Being concerned with your own goodness, not other peoples’:

What ease of mind a person gains if he casts no eye on what his neighbour has said, done, or thought, but looks only to what he himself is doing, to ensure that his own action may be just, and holy, and good in every regard. Do not look back to examine the black character of another, but run straight towards the finishing line, never glancing to right or left.

– Marcus Aurelius, Meditations, 4.18

When people endeavor to be kind they often set out to extend themselves beyond the narrow sphere of their own lives. They endeavor to consider the lives of others, whether these “others” are halfway around the world or just around the corner. Kindness is often synonymous with an expansion of awareness of and concern for the lives and actions of other people.

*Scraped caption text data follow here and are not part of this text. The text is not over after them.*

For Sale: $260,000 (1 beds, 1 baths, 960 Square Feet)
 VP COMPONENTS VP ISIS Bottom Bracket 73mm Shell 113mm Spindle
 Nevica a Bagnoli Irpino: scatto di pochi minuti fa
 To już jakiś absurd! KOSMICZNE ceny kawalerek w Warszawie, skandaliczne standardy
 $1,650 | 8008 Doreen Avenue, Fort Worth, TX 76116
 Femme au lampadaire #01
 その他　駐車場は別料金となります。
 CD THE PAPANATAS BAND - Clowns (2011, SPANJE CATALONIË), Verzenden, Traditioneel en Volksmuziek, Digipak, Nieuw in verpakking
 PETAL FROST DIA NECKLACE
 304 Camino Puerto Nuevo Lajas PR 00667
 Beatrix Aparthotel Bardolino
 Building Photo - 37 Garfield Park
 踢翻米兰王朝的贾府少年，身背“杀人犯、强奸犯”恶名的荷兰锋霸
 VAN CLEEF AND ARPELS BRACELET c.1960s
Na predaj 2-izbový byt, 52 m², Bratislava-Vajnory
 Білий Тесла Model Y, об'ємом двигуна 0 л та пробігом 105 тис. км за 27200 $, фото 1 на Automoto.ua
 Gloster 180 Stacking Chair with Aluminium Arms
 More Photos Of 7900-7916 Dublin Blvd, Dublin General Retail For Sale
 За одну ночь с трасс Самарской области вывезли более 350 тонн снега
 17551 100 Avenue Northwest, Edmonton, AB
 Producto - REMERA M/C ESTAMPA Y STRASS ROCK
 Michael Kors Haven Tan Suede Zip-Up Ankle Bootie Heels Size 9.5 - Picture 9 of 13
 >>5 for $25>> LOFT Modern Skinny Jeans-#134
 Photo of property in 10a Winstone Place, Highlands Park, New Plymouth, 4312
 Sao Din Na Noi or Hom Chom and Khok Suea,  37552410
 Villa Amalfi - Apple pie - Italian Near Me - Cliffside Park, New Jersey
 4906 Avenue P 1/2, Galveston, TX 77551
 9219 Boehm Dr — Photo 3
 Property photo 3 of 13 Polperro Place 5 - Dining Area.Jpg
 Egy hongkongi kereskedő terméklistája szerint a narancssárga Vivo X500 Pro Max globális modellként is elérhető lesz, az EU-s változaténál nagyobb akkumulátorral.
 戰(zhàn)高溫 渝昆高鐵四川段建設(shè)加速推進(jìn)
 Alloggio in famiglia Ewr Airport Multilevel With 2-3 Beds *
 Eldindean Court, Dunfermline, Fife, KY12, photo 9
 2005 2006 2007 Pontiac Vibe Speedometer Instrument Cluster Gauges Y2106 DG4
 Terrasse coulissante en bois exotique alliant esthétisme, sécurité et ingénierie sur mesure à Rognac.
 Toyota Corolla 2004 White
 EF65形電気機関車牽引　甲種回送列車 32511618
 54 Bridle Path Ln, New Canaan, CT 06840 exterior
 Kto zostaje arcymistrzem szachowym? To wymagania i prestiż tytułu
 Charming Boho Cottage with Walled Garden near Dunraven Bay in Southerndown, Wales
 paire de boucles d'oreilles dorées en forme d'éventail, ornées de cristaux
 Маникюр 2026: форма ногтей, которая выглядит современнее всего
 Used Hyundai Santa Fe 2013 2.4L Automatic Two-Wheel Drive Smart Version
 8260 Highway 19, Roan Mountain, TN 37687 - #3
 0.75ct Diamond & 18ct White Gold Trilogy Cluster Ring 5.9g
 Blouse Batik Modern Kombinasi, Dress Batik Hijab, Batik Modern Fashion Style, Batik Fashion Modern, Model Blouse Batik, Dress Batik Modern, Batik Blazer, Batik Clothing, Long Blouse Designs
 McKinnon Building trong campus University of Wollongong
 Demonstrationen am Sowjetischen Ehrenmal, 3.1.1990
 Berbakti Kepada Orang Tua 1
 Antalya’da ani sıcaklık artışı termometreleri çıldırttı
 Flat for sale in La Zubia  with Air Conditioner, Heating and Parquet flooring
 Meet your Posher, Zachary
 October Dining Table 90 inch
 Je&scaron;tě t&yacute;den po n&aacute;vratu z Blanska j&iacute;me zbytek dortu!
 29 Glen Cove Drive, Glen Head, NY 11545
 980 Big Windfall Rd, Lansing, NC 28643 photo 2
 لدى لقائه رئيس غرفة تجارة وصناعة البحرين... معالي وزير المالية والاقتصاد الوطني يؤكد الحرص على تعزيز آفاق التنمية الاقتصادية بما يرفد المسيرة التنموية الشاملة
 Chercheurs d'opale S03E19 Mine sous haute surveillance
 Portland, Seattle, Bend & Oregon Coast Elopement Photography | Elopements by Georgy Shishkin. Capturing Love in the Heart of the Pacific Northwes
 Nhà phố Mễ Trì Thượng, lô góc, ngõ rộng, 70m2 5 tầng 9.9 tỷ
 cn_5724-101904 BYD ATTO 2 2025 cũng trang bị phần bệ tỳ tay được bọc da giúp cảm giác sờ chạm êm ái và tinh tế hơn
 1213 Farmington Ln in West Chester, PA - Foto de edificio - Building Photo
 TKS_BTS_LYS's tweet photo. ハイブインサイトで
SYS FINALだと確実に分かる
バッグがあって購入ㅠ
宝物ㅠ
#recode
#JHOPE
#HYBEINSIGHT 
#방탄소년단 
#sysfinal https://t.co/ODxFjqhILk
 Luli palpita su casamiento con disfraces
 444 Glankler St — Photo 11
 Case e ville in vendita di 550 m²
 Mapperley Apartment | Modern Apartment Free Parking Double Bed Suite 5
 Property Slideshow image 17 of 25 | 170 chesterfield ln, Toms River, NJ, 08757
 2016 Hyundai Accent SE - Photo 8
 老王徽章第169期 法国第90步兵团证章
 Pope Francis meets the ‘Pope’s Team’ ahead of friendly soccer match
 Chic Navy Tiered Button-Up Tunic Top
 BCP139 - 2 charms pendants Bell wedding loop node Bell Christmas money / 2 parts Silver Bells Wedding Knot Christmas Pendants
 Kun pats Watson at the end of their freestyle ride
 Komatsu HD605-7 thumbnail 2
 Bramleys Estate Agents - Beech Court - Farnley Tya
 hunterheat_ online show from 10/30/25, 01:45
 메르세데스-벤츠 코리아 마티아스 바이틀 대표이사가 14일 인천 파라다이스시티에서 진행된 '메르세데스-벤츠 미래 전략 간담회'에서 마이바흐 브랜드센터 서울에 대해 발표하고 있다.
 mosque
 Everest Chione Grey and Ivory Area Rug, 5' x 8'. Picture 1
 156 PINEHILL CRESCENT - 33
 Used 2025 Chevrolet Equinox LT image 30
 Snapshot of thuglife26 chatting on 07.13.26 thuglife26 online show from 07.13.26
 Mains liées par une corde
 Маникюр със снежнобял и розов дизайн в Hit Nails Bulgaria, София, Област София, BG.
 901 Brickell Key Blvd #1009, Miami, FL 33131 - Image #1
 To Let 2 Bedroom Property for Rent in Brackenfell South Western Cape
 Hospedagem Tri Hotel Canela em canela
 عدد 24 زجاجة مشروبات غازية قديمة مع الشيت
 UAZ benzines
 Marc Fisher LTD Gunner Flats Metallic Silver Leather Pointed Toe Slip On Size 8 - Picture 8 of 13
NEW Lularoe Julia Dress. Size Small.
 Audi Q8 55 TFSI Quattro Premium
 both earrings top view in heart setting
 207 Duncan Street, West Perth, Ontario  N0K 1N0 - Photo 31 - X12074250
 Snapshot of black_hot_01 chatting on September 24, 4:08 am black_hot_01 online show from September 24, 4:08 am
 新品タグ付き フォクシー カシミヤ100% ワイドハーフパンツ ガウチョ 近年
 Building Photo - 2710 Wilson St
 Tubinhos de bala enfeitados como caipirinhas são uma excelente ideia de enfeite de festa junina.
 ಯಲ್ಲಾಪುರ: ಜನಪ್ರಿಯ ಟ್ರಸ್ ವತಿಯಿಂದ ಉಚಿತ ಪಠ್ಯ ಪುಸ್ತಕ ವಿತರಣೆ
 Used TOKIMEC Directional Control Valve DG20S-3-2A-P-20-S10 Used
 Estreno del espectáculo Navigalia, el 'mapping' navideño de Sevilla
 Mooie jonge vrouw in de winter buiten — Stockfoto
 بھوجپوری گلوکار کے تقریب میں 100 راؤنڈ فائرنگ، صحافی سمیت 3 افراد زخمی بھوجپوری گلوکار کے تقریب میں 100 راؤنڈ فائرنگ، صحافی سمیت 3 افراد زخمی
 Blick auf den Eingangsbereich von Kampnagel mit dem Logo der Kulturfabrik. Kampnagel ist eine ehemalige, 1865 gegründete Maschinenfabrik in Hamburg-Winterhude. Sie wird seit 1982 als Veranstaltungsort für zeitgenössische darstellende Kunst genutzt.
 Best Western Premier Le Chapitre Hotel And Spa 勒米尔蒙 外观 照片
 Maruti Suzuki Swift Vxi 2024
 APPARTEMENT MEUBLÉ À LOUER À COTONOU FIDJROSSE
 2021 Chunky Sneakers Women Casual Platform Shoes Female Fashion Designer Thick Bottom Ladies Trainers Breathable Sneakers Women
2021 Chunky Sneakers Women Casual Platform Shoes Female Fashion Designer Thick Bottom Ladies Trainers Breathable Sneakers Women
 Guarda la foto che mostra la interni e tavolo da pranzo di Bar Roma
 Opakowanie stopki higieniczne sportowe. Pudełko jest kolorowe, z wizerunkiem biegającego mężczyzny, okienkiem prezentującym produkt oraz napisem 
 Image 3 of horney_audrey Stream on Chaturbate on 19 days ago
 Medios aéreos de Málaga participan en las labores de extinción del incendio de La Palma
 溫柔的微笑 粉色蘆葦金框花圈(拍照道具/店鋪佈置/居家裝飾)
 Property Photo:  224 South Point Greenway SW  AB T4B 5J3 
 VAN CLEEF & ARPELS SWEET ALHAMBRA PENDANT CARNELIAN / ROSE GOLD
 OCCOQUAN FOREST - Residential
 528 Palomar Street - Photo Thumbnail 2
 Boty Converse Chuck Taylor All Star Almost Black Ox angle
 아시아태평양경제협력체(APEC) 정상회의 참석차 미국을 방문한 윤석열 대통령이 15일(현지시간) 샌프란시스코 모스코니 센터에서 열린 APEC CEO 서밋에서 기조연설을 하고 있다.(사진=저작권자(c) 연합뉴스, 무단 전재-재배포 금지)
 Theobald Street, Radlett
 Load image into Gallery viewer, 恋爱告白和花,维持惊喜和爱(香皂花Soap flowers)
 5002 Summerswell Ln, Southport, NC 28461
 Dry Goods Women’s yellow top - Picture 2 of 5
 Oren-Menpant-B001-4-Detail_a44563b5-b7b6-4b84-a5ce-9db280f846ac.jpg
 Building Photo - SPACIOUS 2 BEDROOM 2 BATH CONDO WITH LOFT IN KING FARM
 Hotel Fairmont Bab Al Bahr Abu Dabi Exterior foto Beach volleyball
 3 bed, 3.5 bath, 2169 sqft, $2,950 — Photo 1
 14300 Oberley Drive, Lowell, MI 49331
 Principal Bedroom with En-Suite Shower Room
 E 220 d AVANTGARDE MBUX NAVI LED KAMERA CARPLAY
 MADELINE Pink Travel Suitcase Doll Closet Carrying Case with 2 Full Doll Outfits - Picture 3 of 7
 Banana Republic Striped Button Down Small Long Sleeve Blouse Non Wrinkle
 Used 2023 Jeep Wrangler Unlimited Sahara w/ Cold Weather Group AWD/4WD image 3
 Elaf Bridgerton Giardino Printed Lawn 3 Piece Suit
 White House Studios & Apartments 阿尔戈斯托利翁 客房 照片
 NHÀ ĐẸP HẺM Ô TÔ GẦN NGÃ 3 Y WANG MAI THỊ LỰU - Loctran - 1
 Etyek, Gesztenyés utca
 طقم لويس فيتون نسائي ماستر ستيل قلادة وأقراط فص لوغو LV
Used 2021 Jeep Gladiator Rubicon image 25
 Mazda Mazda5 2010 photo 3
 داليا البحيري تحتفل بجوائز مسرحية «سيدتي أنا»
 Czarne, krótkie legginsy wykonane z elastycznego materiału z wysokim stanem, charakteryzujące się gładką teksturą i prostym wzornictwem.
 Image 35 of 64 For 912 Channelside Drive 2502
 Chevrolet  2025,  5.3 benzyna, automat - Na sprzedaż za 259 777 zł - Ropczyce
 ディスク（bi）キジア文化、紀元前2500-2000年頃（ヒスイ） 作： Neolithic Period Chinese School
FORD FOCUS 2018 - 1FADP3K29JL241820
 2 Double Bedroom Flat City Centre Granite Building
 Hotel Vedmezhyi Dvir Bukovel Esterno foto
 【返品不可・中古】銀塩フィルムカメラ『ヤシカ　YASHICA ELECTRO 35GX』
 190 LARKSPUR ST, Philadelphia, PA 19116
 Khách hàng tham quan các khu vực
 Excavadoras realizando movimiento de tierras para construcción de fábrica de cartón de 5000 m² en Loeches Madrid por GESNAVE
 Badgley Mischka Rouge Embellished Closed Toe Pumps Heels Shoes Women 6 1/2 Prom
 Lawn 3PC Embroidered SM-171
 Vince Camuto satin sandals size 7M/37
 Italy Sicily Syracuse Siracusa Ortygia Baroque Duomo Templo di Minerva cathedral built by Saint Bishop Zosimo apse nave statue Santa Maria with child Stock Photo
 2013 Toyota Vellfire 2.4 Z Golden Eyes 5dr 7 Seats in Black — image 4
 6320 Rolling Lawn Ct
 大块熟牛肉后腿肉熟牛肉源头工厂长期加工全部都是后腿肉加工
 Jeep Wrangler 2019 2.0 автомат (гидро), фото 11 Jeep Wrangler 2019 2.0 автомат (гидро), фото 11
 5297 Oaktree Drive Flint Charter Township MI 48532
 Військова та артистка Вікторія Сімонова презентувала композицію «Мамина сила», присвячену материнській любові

This is fantastic stuff, however, “thinking about others” isn’t always a good thing. Sometimes when I think about others, I end up thinking about climate change skeptics, and Stephen Harper, and Vladimir Putin, and ISIS, and MRA groups, and oil companies, and rotten CEOs who take home huge bonuses while their employees take home pay cuts. I also think about rude people on the bus, or trolls on the Internet, or acquaintances whose behaviours/opinions I disapprove of, or an argument I lost a year ago that still cheeses me off. And it’s not helpful. Teachers used to say “Keep your eyes on your own paper,” and I think I need to do a bit more of that, figuratively speaking. It’s not that other people don’t matter, it’s that my own behaviour does not, and should not, depend on what they do.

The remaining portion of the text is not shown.